REPUBLIKA.CO.ID, JAKARTA -- Anggota Komisi VII DPR Mulyanto secara tegas menolak gagasan peleburan Badan Tenaga Nuklir Nasional (Batan) ke dalam Badan Riset dan Inovasi Nasional (BRIN) yang baru saja dibentuk pemerintah. Pasalnya, peleburan itu dapat menghambat kegiatan pengembangan teknologi nuklir di Indonesia.
"Saya terus terang menolak gagasan itu. Kami ingin Batan mempunyai fungsi penyelenggaraan ke tenaganuklir, sehingga Batan harus menjadi lembaga yang mandiri seperti sekarang ini," kata Mulyanto dalam keterangan resmi di Jakarta, Jumat (21/5).
Anggota Fraksi PKS DPR tersebut menjelaskan, perkembangan nuklir erat kaitannya dengan kondisi sosial dan politik suatu bangsa. Di Indonesia, sambung dia, teknologi nuklir bukan sekadar untuk kepentingan riset, tetapi untuk kepentingan lebih luas, seperti energi hingga agrikultur.
Merujuk amanat konsideran Undang-Undang Nomor 10 Tahun 1997 tentang Ketenaganukliran, disebutkan ranah itu menyangkut kehidupan dan keselamatan banyak orang. Sehingga kenukliran harus dikuasai oleh negara yang pemanfaatannya bagi pembangunan nasional."
Ketenaganukliran bukanlah wilayah privat tapi ia wilayah publik sehingga penanganan negara sangat khusus," kata Mulyono.

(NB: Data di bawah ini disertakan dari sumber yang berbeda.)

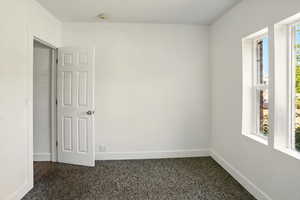 Unfurnished room featuring plenty of natural light and dark carpet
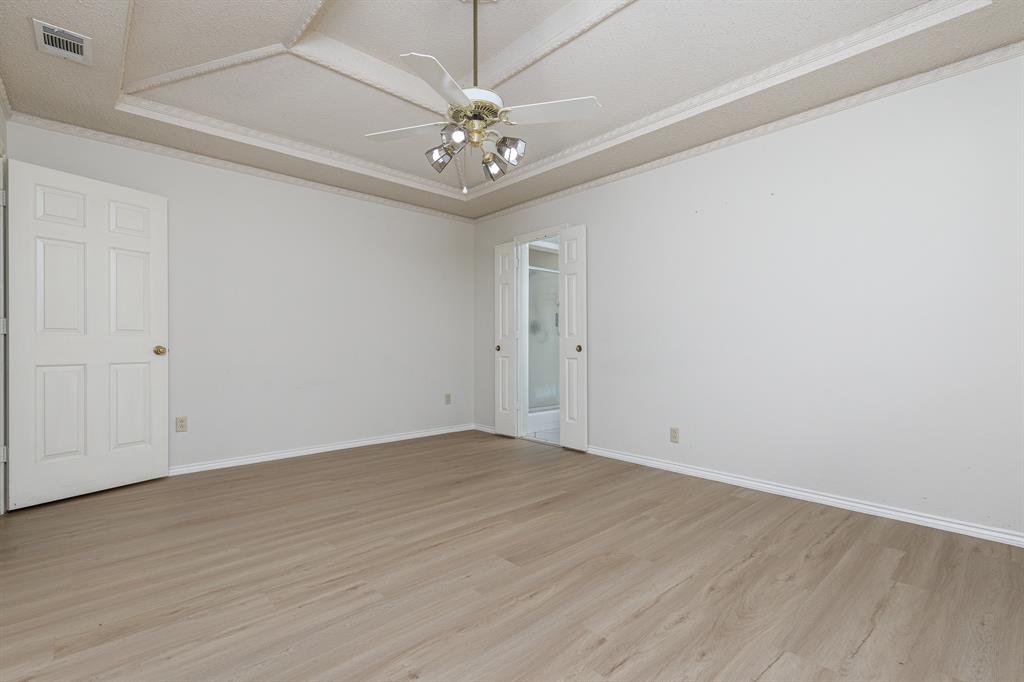 Recessed ceiling with decorative trim, wood-finish flooring, ceiling fan with integrated lighting, and panel doors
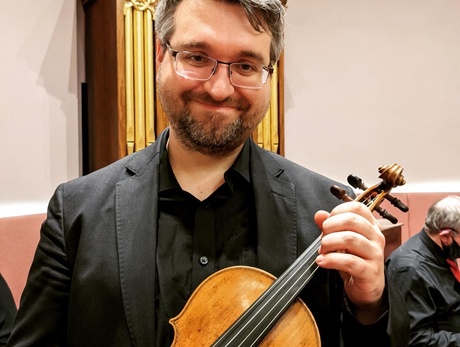 Dr Aaron McGregor in a black shirt and suit, holding a stringed instrument, in front of a pipe organ.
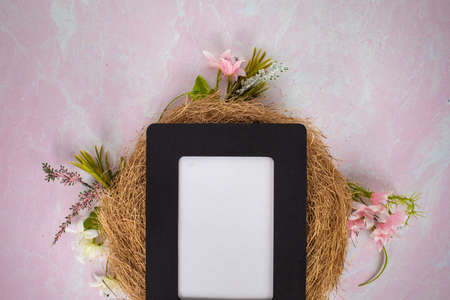 Blank frame white sign without words ready to add content flat lay background laying on bird nest with pink and white spring flowersの写真素材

Batan, lanjut dia, bukan dirancang sekedar menjadi lembaga riset nuklir, tetapi sebagai badan yang menjalankan urusan pemerintah dalam menyelenggarakan ketenaganukliran. Apabila menjadikan Batan sebagai organisasi pelaksana penelitian dan pengembangan (liitbang), kata dia, maka sama saja mengerdilkan Batan.
"Dari struktur organisasinya saja Batan dianggap fungsional di tubuh BRIN. Bagi kami yang terbiasa dengan birokrasi tidak mungkin menjalankan kelembagaan Batan yang besar itu di dalam sebuah Organisasi Pelaksana Litbang (OPL) yang kecil," ujar Mulyanto.